===== TASK INPUTS

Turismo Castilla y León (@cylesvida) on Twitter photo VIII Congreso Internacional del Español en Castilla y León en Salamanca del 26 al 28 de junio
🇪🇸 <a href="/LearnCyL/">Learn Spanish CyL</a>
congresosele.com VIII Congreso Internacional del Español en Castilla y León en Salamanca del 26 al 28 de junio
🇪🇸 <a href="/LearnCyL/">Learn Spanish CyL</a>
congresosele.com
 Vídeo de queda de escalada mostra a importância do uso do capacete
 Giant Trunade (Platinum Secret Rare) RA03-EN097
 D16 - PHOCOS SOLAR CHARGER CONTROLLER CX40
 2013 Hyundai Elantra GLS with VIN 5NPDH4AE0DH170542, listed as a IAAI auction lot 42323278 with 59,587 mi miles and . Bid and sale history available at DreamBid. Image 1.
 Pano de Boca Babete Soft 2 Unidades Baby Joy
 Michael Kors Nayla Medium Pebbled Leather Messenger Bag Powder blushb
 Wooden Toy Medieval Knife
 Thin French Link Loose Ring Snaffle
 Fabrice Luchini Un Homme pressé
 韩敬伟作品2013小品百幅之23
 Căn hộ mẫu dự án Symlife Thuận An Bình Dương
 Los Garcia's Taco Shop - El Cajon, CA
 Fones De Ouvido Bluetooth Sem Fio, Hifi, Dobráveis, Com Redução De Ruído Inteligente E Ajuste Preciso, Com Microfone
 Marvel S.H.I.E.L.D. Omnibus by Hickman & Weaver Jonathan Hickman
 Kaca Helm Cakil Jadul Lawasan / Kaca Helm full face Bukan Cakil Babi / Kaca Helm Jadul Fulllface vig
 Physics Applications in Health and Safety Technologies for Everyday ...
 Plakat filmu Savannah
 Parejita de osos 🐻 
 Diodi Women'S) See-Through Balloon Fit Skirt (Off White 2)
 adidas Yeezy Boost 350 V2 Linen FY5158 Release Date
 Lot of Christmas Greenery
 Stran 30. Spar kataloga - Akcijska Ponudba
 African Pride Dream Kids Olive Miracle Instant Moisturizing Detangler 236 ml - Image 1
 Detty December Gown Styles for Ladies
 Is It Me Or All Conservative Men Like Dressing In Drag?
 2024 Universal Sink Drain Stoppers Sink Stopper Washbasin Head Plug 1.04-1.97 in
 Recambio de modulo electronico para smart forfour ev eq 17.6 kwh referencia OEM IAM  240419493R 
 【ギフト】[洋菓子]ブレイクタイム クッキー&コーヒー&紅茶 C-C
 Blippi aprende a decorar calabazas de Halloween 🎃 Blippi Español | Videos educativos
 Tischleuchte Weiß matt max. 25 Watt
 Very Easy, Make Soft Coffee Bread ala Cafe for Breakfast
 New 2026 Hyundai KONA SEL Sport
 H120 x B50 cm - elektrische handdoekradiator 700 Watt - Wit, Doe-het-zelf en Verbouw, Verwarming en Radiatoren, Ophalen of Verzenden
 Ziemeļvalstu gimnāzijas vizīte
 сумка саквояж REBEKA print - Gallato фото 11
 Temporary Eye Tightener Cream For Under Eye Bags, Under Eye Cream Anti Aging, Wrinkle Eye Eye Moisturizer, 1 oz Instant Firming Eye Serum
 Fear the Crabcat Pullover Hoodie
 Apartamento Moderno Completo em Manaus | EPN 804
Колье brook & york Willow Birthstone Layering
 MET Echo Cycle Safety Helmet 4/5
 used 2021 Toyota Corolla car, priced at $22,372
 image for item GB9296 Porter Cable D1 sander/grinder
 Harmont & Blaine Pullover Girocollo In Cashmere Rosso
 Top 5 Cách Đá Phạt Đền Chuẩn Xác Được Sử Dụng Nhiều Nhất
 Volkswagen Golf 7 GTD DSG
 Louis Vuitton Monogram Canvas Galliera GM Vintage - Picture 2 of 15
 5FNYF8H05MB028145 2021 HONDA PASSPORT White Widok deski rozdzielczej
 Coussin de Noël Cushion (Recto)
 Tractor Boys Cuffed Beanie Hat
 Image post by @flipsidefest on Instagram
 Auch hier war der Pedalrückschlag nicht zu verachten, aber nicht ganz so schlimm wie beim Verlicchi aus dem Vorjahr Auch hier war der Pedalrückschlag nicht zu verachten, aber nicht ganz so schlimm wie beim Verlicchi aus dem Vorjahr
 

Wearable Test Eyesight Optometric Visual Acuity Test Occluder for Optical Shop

==========

**THE PROBLEM**
State only the count of lines above that hold the string "White".

**EXERCISE ANSWER**
2